Stored items from a collection:
##########
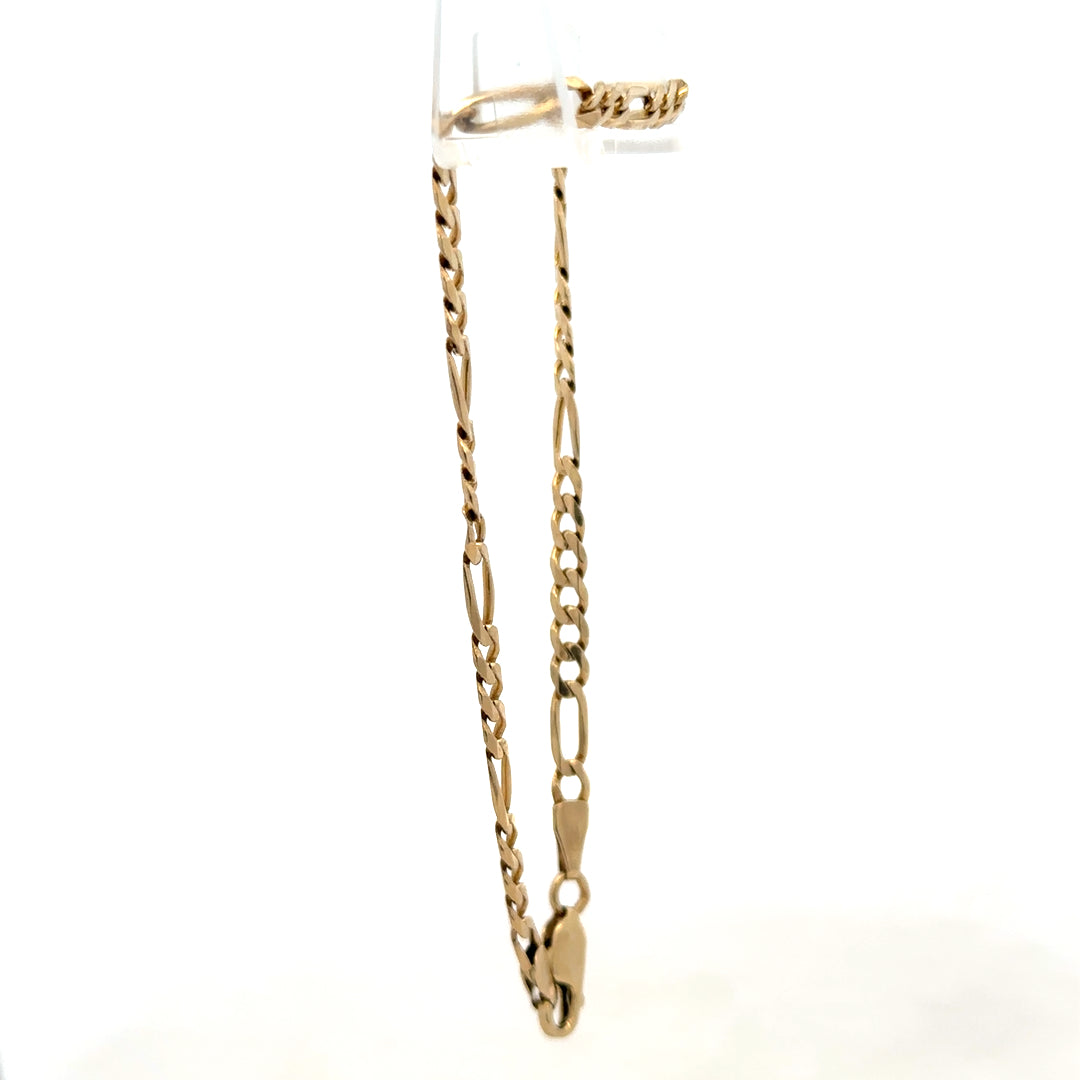 9ct yellow gold Figaro bracelet weighing 4.2g, featuring classic linked chain design, crafted by Reeves and Sons.
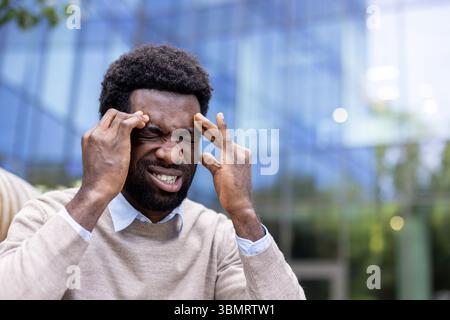 A man experiencing a headache, pressing his fingers to his temples with eyes closed outdoors. Stock Photo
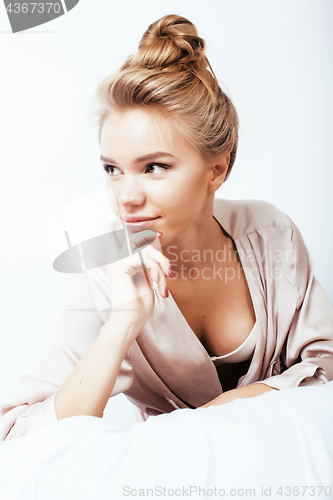 Image of young pretty woman happy smiling, laying in bed, lifestyle people concept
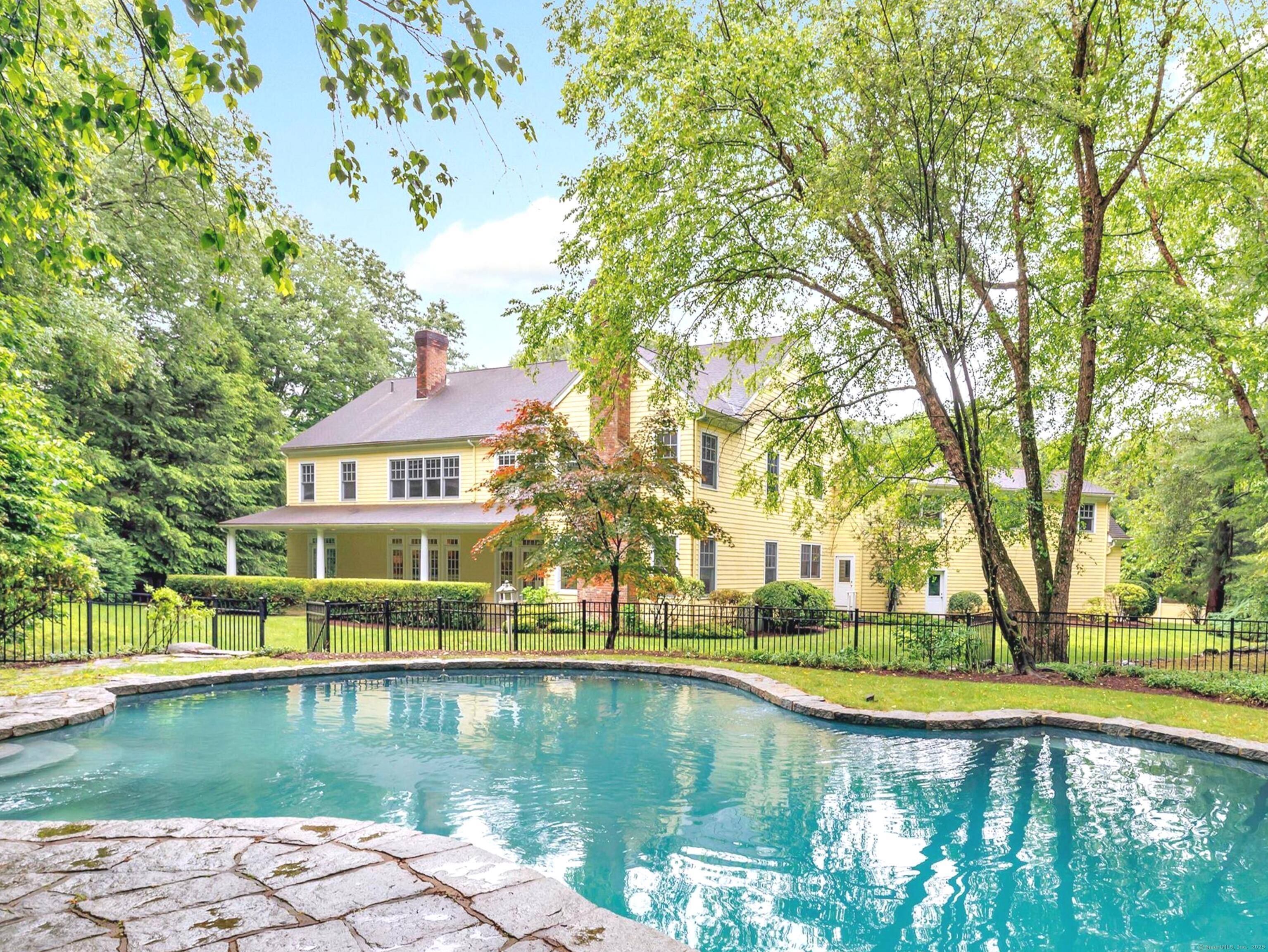 This stunning Colonial sits proudly on a beautifully landscaped 2 acre lot on the corner of Coley Drive, just over the Westport line in Lower Weston.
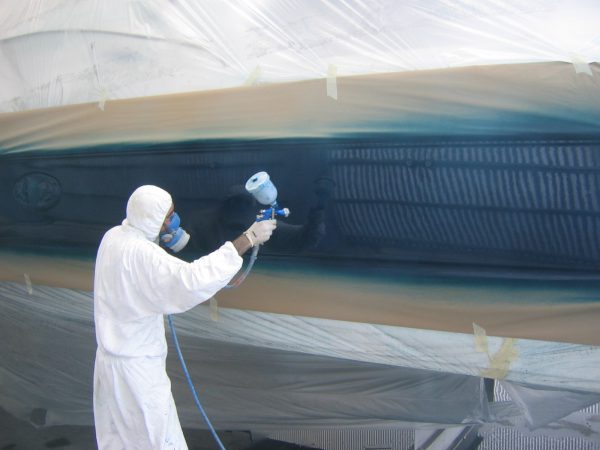 Pintando o casco do barco com uma pistola de pintura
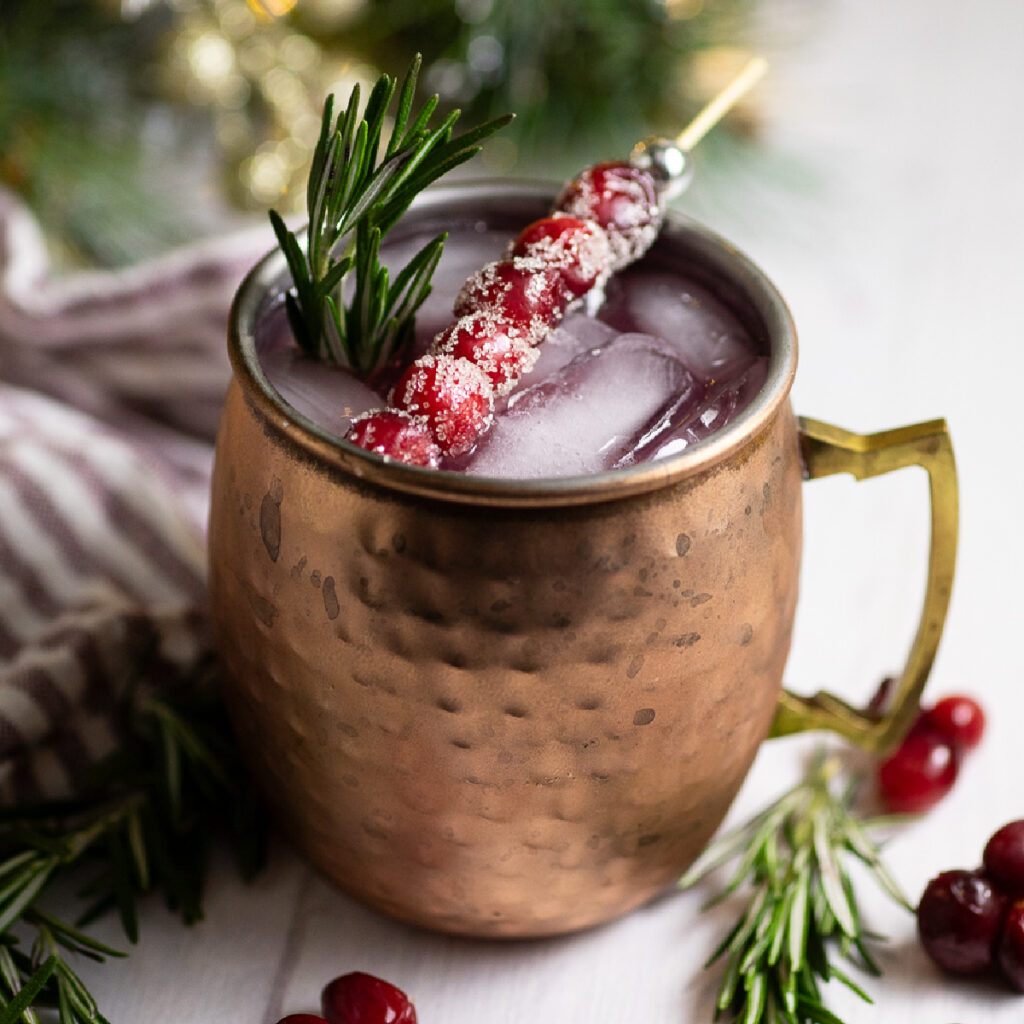 Cranberry Moscow Mule in a copper mug with ice garnished with sugared cranberries on a toothpick and a sprig of rosemary, with more rosemary and cranberries around it on a white background and a red striped linen napkin and a Christmas garland behind.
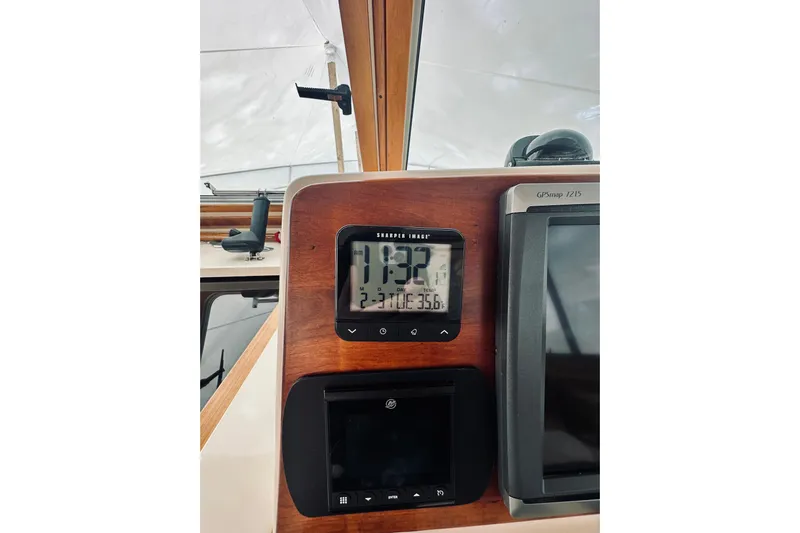 Grand Finale Yacht Photos Pics 2008 Sabre 38 Hard Top Express dashboard with digital display and GPS system.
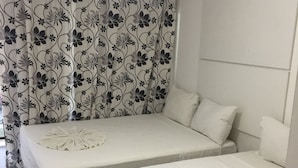 Una habitación de hotel con dos camas, cortinas florales y un cabecero.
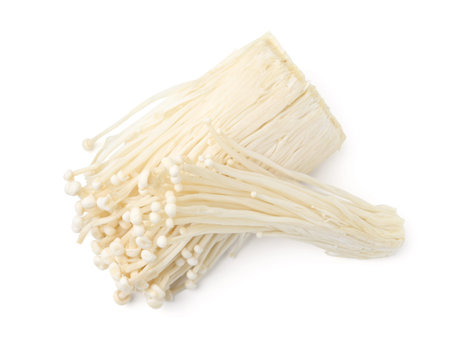 Fresh enoki mushrooms isolated on white, top view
##########
WHAT TO WORK ON: With the pictures excluded, transcribe word for word only the lines from the one containing "Pintando o casco" through the last line of the records.

THE ANSWER:
 Pintando o casco do barco com uma pistola de pintura
 Cranberry Moscow Mule in a copper mug with ice garnished with sugared cranberries on a toothpick and a sprig of rosemary, with more rosemary and cranberries around it on a white background and a red striped linen napkin and a Christmas garland behind.
 Grand Finale Yacht Photos Pics 2008 Sabre 38 Hard Top Express dashboard with digital display and GPS system.
 Una habitación de hotel con dos camas, cortinas florales y un cabecero.
 Fresh enoki mushrooms isolated on white, top view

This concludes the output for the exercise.